The measurement was a huge challenge because we were taking six months to six years of age, and so we need developmentally appropriate measures across all of these ages. And you don’t want to change your measures at every age, because then it’s complex to look longitudinally. So we had to carefully select measurements and create measurements that allowed us to address our research questions.
It took a toll on our examiners. They had to learn different batteries for different ages. And be skilled at working with an infant — and the next hour they might meet a child who was five years of age. So there was a lot of flexibility required on the part of the examiners.
We thought long and hard about, “How does the research guide us? And what’s important?” So certainly we looked at speech, language, psychosocial, academic, pre-academic development, cognitive, audiological.
Developing New Measurement Procedures
We’ve invested a lot in very careful audiological measurement and measurement of the hearing aid itself. That was a gap in the research. It is really kind of interesting that if you look back at the literature, the studies would report on the children’s pure-tone average, but often it wasn’t even mentioned if they were wearing amplification. And if they were wearing amplification, there wasn’t much comment on what the amplification was providing.
The technology has advanced since then, and now we have real ear measures, we have verification of amplification, and so our study did a lot with speech intelligibility index and using that as a predictor of language outcome, for example.
Audiological measurement was something we really were able to enhance in this grant.
A couple thing I’d like to say about measurement. I’m creative, I like to think beyond what’s available in standardized procedures, and that sort of comes from my clinical background. Sometimes I have to rein that in. You want to think ahead, what is a reviewer going to want to see?
One thing a reviewer wants to see is that you’re using standard procedures that are well accepted in the science. So that’s one thing we have to think about. What is an accepted, standardized procedure that is going to allow us to appropriately measure these skills in children?

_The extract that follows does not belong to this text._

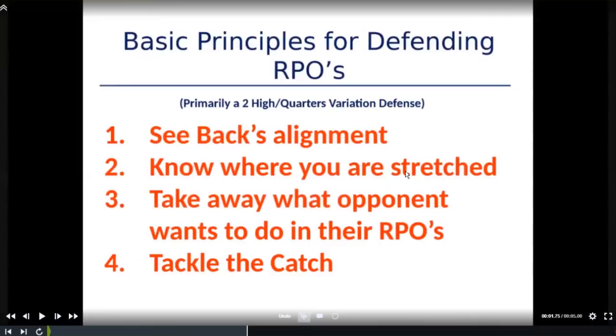Jumping right in on basic principles for RPO defense: we're primarily a two-high quarters variation defense, a one-gap system. This gives you a little background on what we do. The primary thing we teach our linebackers, safeties, and guys involved in defending RPOs — number one, you've got to be able to see the back's alignment. Ninety percent of the RPOs we get are going to be to the side of the back.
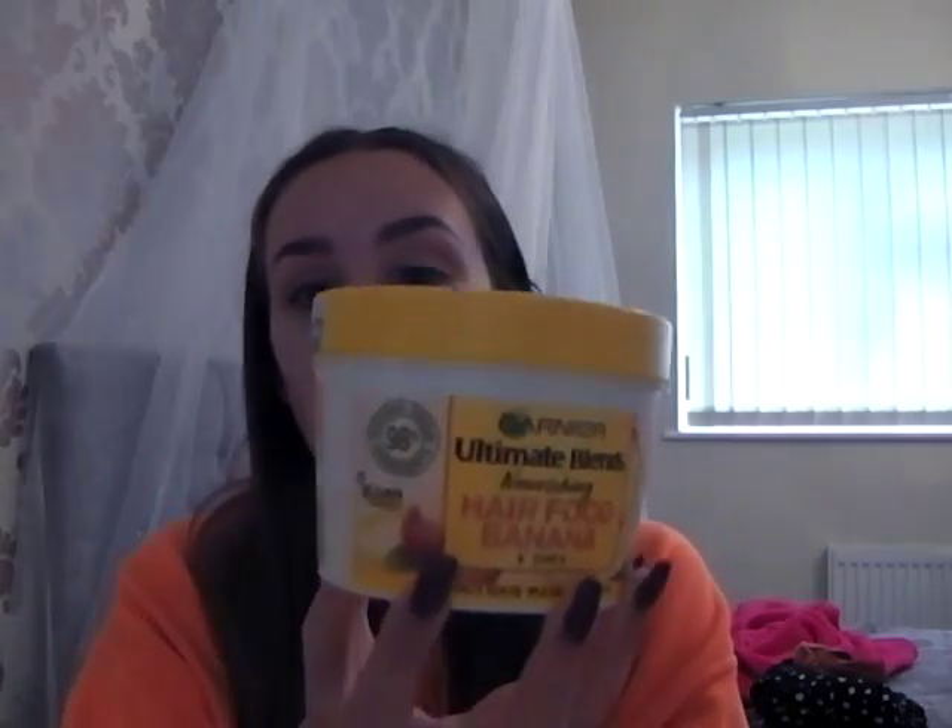Now this is what I've been really excited to review for a long time: Ultimate Blends Nourishing Hair Food. It's a three-in-one — you can use it as a normal conditioner, as a hair mask, or as a leave-in conditioner. My mum bought two of them. This is the banana hair food — if you get a chance, just open it in a shop because it smells incredible. I'm not a fan of eating bananas but I love the scent. They're vegan as well, and have a 98% biodegradable formula.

But beyond that, in children who are hard of hearing we know that learning the morphology of English is particularly complicated because their hearing aids have restricted bandwidth. It doesn’t give them very good access to sounds that are in the high frequency region. So we know that could be a challenging area. The materials that were available don’t sample that aspect of our language very often. So we created some elicitation procedures, and we used language sampling procedures in addition to the standardized test. I would say thinking about, what do you want to answer? We were already evolving some theories about what aspects of language learning might be fragile in children who are heard of hearing. And there we developed more procedures.
We also used surveys, we created online surveys for service providers so we could measure intervention. We did in-depth interviews of our families over the phone. So you can see it was really a varied procedure in terms of the measurements that we created.
Balancing Research Goals with Reality
And there’s constant tension. It’s almost like you think, “My eyes are bigger than my stomach.” This is an 18 month old child, this child can’t go through a five-hour battery of testing. So there are real practical realities. What’s reasonable to do with a young child. At the same time, you’re thinking about, “What are the measures that are going to be absolutely essential to tell a story.
I think there’s constant tension between those goals of getting everything that you want, but doing that within a reasonable framework that is child-friendly, that a child is able to withstand, that a family will withstand. We want these families to come back. We want to promote attrition, so we want it to be a positive experience for them. One that they learn from. We value their contribution, so it’s not just that we’re taking your data.
There’s a give and take here. Making it reasonable for the family as they are contributing. At the same time, getting a compilation of scores. So some of that was also the way we spread things. When you have families coming in, let’s say, at two years of age, then they return when the child is three years of age, it’s easy to lose contact with that family. So we planned the family interview six months in between those visits, that way the family is getting another contact with the research team. Our interviewer happened to be a parent of children with hearing loss. And she was really family friendly. Parents looked forward to her visit, and they told her a lot.
You can see that we thought about this — there are ways to spread some of our measurement. Some of the forms the families need to fill out, and so forth, can be spread to stay in contact with the family. Remind them you’re part of this important research, we value your contribution.